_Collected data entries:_
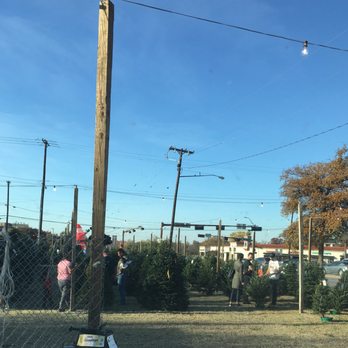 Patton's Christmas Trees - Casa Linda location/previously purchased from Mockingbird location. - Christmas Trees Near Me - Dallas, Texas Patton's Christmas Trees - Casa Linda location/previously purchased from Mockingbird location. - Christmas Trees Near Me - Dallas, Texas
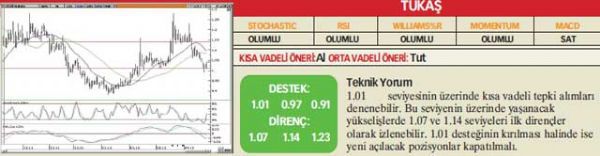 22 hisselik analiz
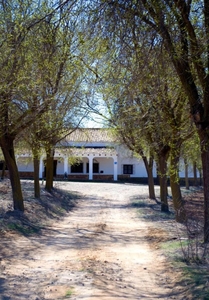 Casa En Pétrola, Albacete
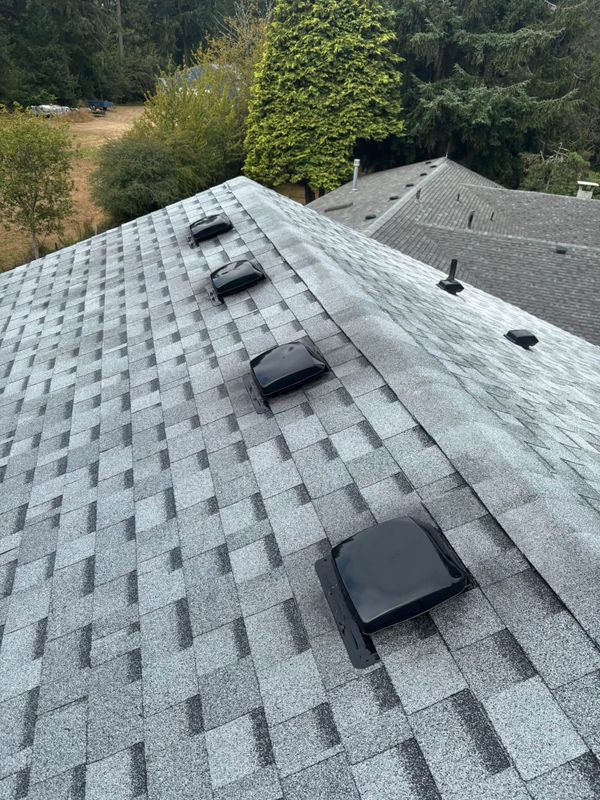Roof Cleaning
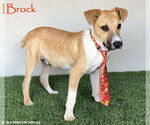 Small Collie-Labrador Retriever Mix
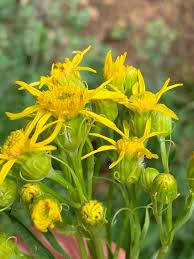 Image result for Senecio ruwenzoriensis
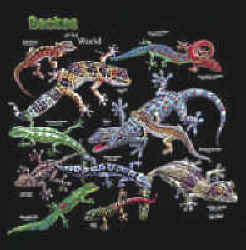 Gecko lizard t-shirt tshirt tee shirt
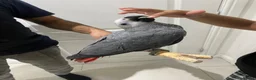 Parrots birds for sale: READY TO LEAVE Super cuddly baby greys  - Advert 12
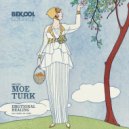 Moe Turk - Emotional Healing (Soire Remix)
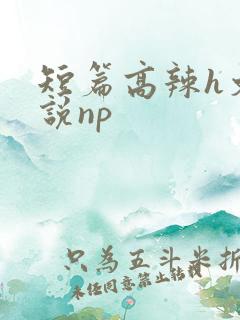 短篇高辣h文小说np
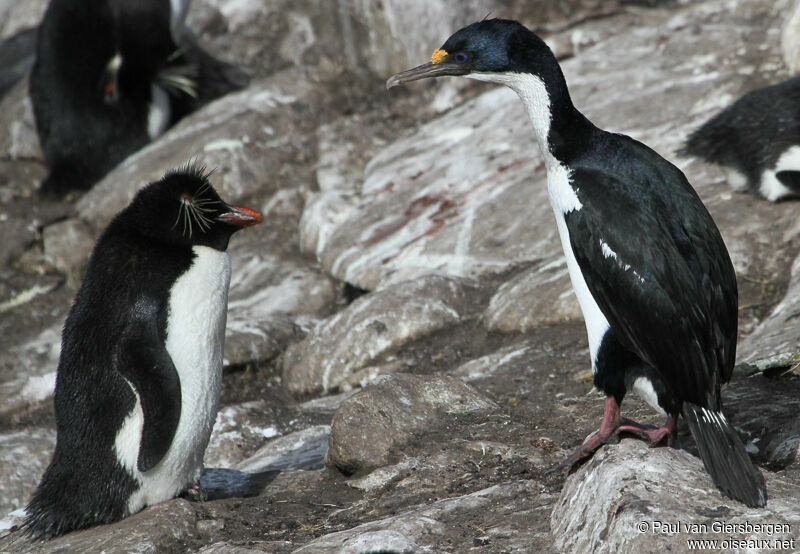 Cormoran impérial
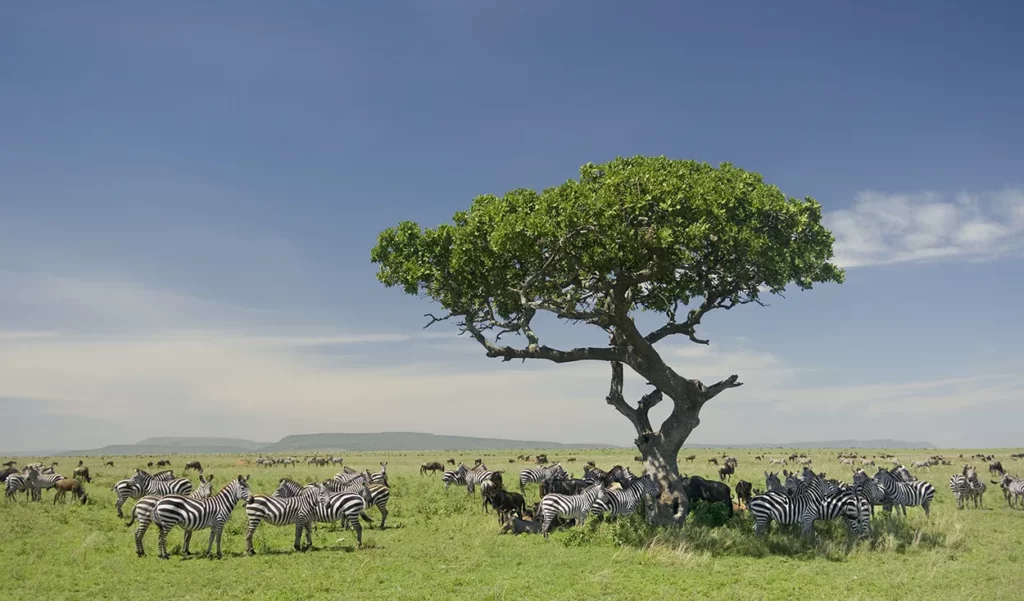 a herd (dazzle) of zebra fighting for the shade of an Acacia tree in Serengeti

_Task goal:_
Without carrying over any picture, write out the entries above once more, exactly.

_The completed task:_
 Patton's Christmas Trees - Casa Linda location/previously purchased from Mockingbird location. - Christmas Trees Near Me - Dallas, Texas Patton's Christmas Trees - Casa Linda location/previously purchased from Mockingbird location. - Christmas Trees Near Me - Dallas, Texas
 22 hisselik analiz
 Casa En Pétrola, Albacete
Roof Cleaning
 Small Collie-Labrador Retriever Mix
 Image result for Senecio ruwenzoriensis
 Gecko lizard t-shirt tshirt tee shirt
 Parrots birds for sale: READY TO LEAVE Super cuddly baby greys  - Advert 12
 Moe Turk - Emotional Healing (Soire Remix)
 短篇高辣h文小说np
 Cormoran impérial
 a herd (dazzle) of zebra fighting for the shade of an Acacia tree in Serengeti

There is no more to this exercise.